- [EXERCISE]:
Could you set down only the lines from the one including "Elegant 3d gold" to the end of the records below, inclusive and exact, leaving pictures out?

------------

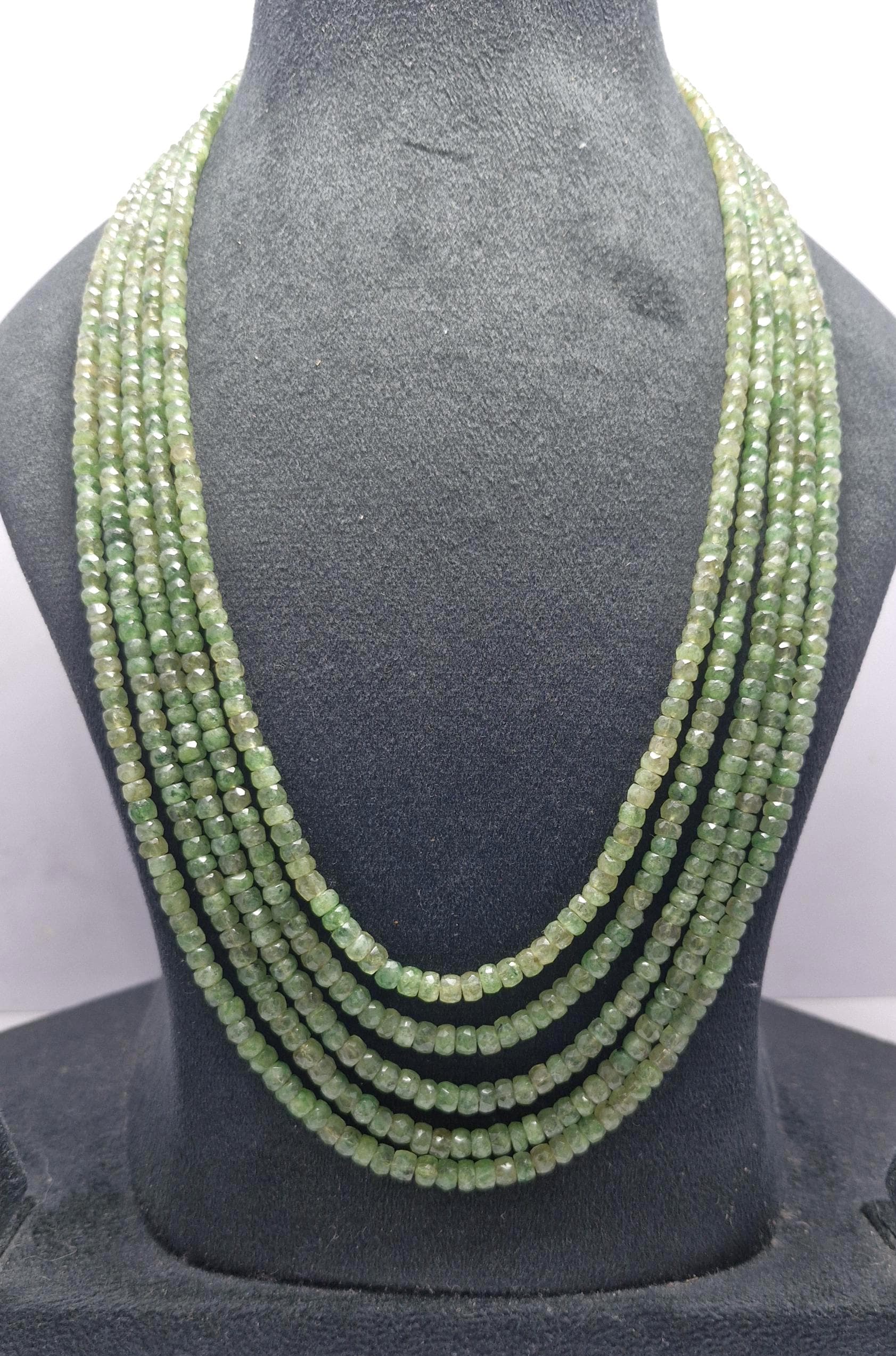 Natural Russian Emerald Beads Necklace Fine Quality Gemstone With Adjustable Cord Necklace - image 3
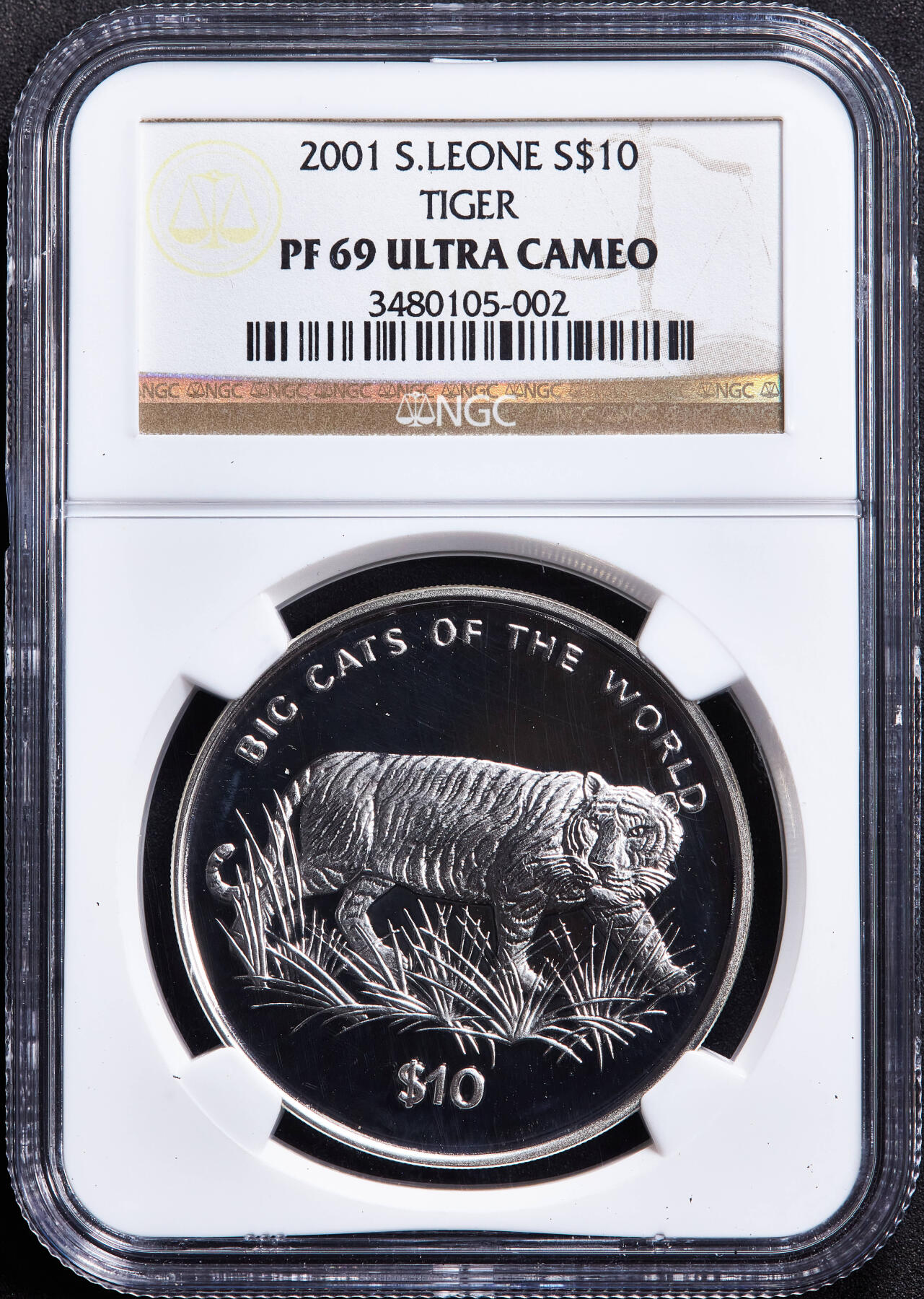 【俄甄集藏】2026年(050)04-01星期三 晚 19:30 全场包邮 塞拉利昂2001年世界大型猫科动物系列-老虎10元精制大银币，NGC PF69UC，重28.28克，925银，少见品种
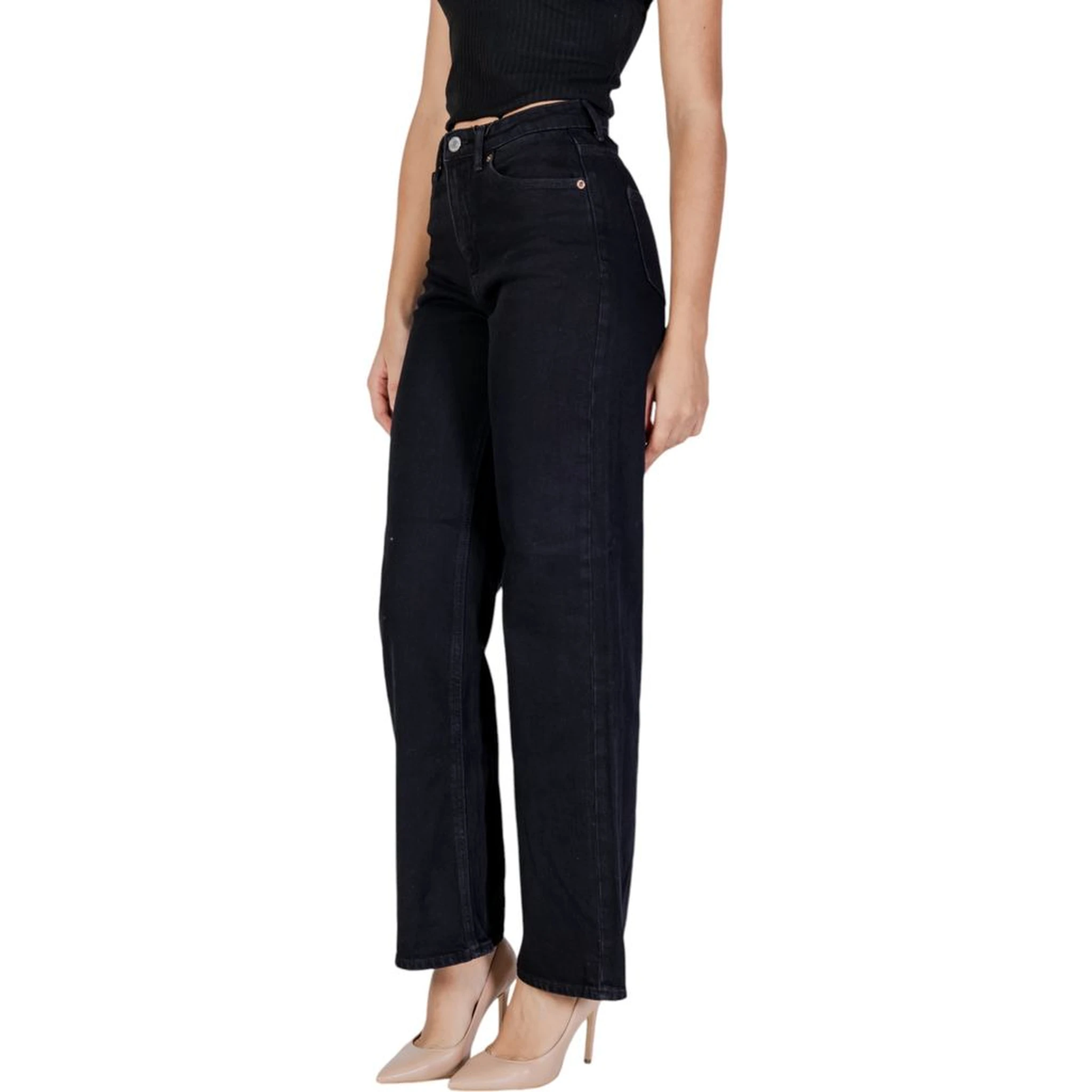 Black Cotton Mom Jeans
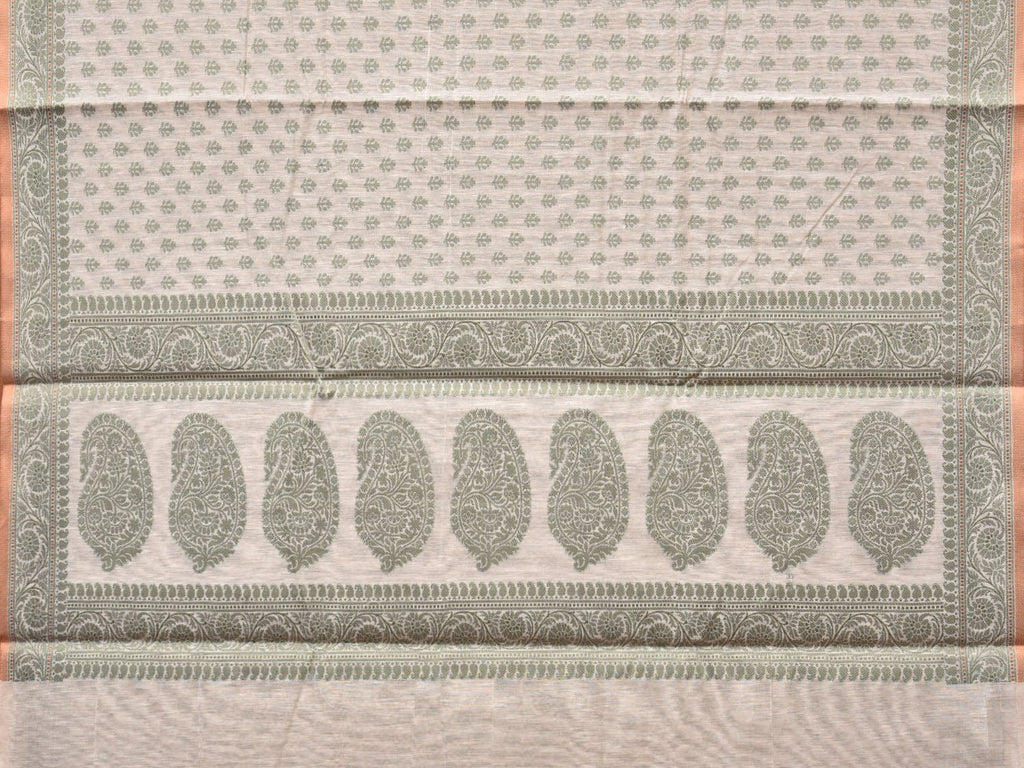 Cream and Light Green Cut Work Sico Cotton Saree with All Over and Border Design - Global Threads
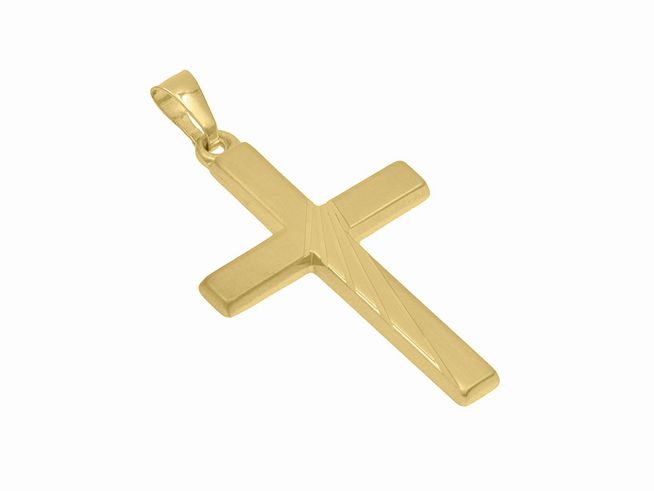 Schlichter Anhänger in Form eines Kreuzes aus teilmattiertem und vergoldetem Sterling Silber, Hersteller Juwelier Harnisch, zeitloses Design.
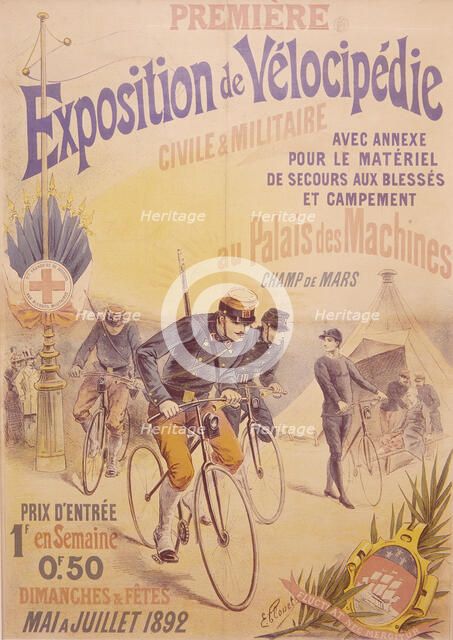 Poster advertising a bicycle exposition, 1892. Artist: E Clouet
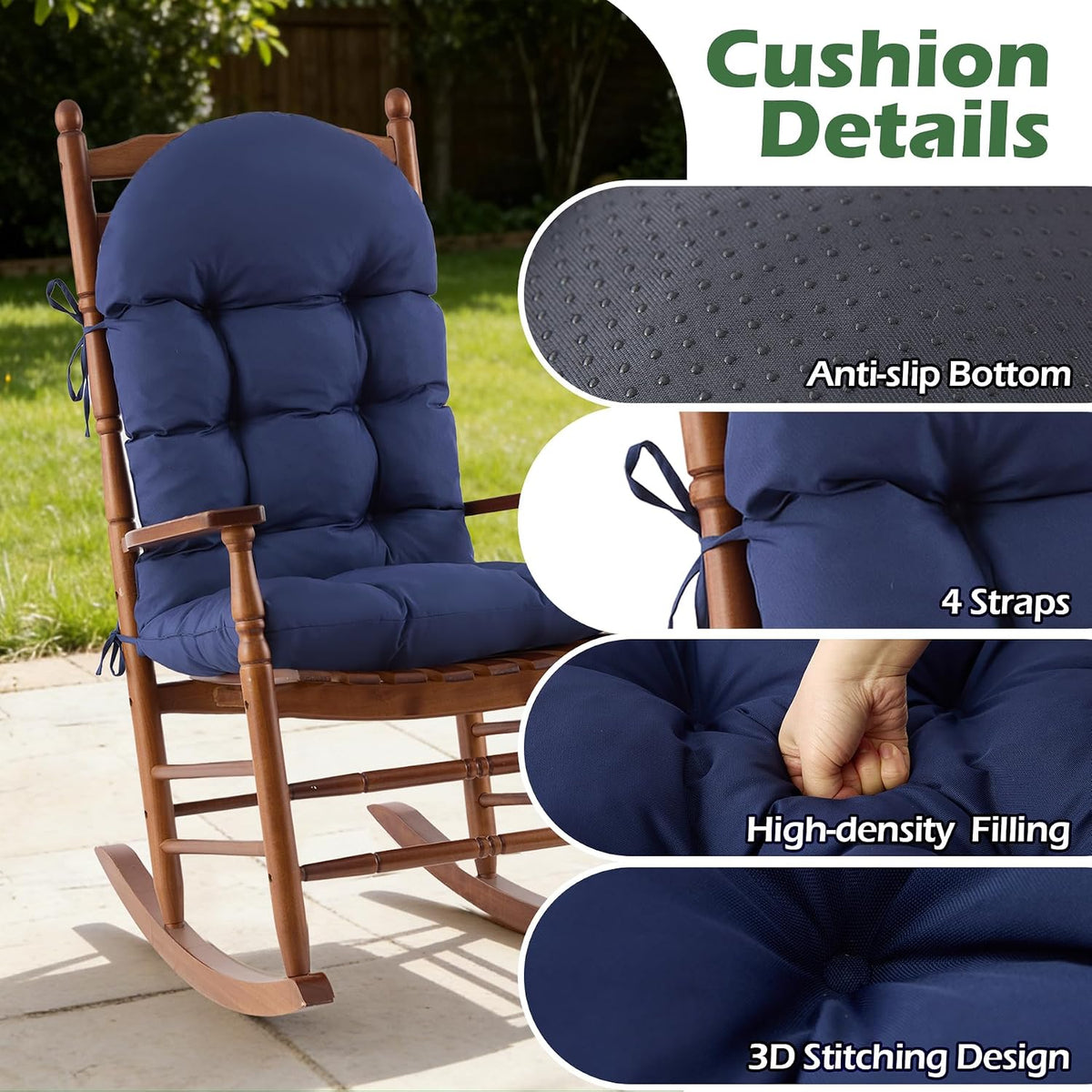 Rocking Chair Cushions, Indoor/Outdoor Adirondack Chair Cushion, Waterproof and Fade-Resistant Rocking Chairs Pads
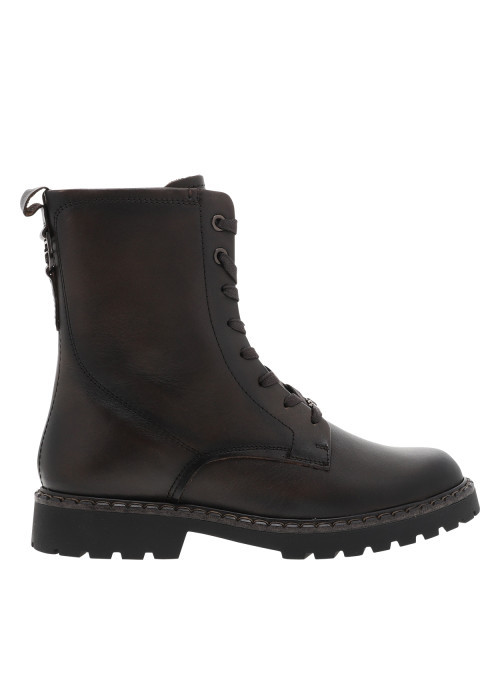 Bottines en cuir marron à talon décroché bas pourvues de lacets plats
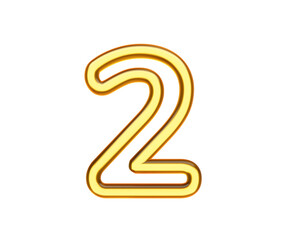 Elegant 3d gold outline number 2 with soft lighting. 3D illustration.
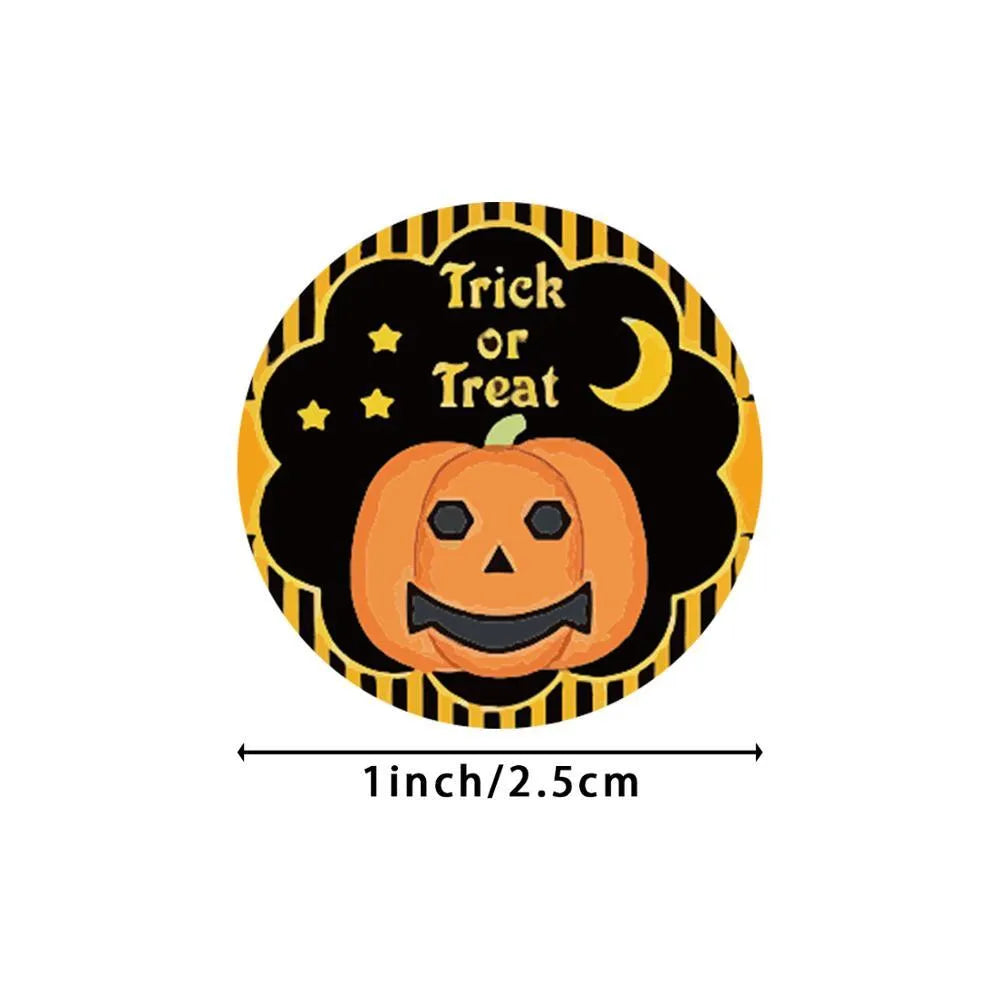 Roll of 500 PVC Halloween pumpkin pattern candy colour gift envelope stickers 1 inch diameter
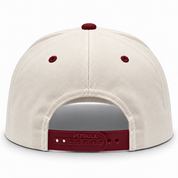 Pit Bull Cambridge PB274 Blank 5-Panel High Frame Adjustable Snapback Hat - Creme/Dark Red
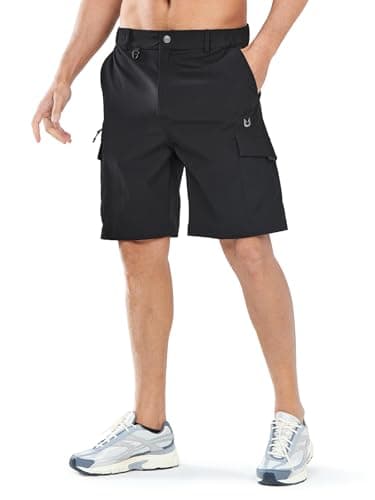 NORTHYARD Men's Casual Cargo Shorts Lightweight 9" Hiking Golf Work Quick Dry Camping Outdoor Travel Fishing with 7 Pockets Black XL - Image 7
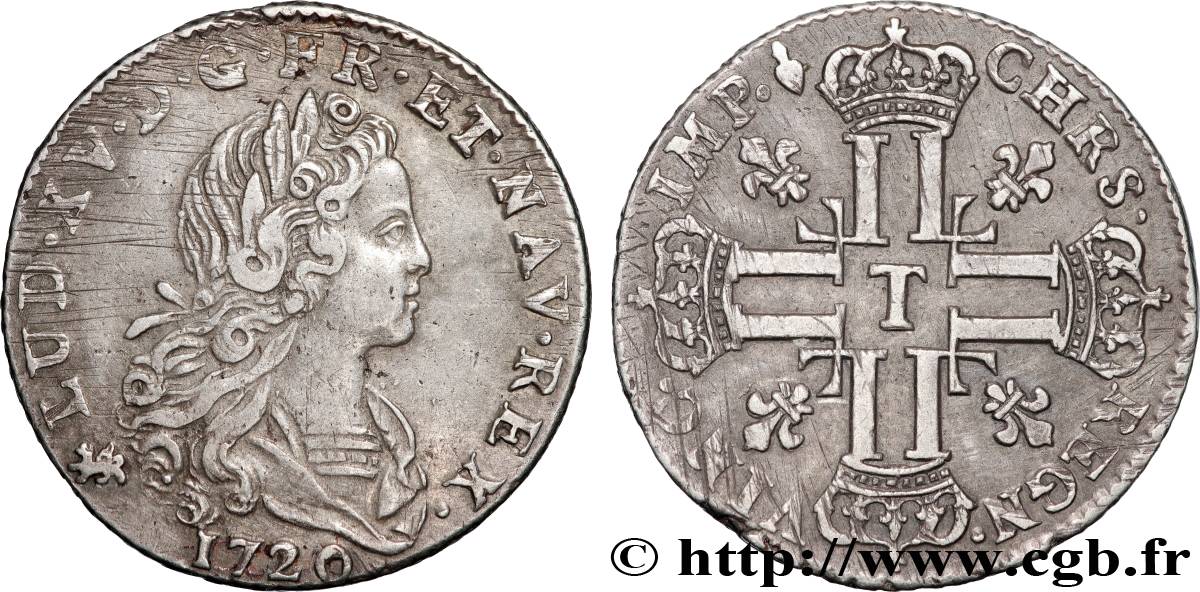 LOUIS XV  THE WELL-BELOVED  Louis d’argent à la croix aux huit L couronnées 1720 Nantes AU/AU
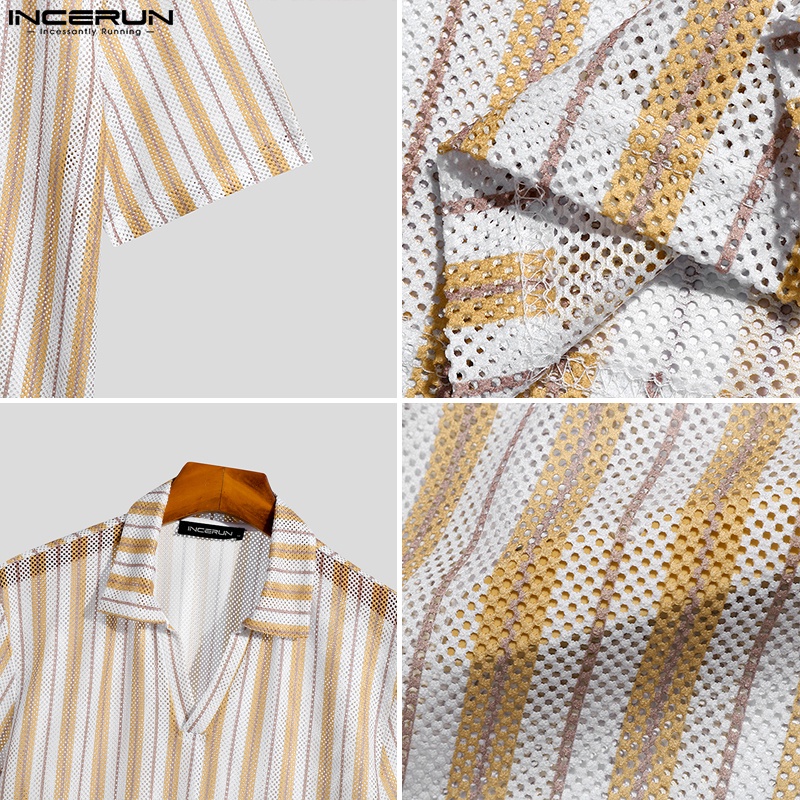 Áo thun polo INCERUN tay ngắn họa tiết kẻ sọc nhiều màu sắc thời trang mùa hè cho nam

------------

- [EXERCISE SOLUTION]:
 Elegant 3d gold outline number 2 with soft lighting. 3D illustration.
 Roll of 500 PVC Halloween pumpkin pattern candy colour gift envelope stickers 1 inch diameter
 Pit Bull Cambridge PB274 Blank 5-Panel High Frame Adjustable Snapback Hat - Creme/Dark Red
 NORTHYARD Men's Casual Cargo Shorts Lightweight 9" Hiking Golf Work Quick Dry Camping Outdoor Travel Fishing with 7 Pockets Black XL - Image 7
 LOUIS XV  THE WELL-BELOVED  Louis d’argent à la croix aux huit L couronnées 1720 Nantes AU/AU
 Áo thun polo INCERUN tay ngắn họa tiết kẻ sọc nhiều màu sắc thời trang mùa hè cho nam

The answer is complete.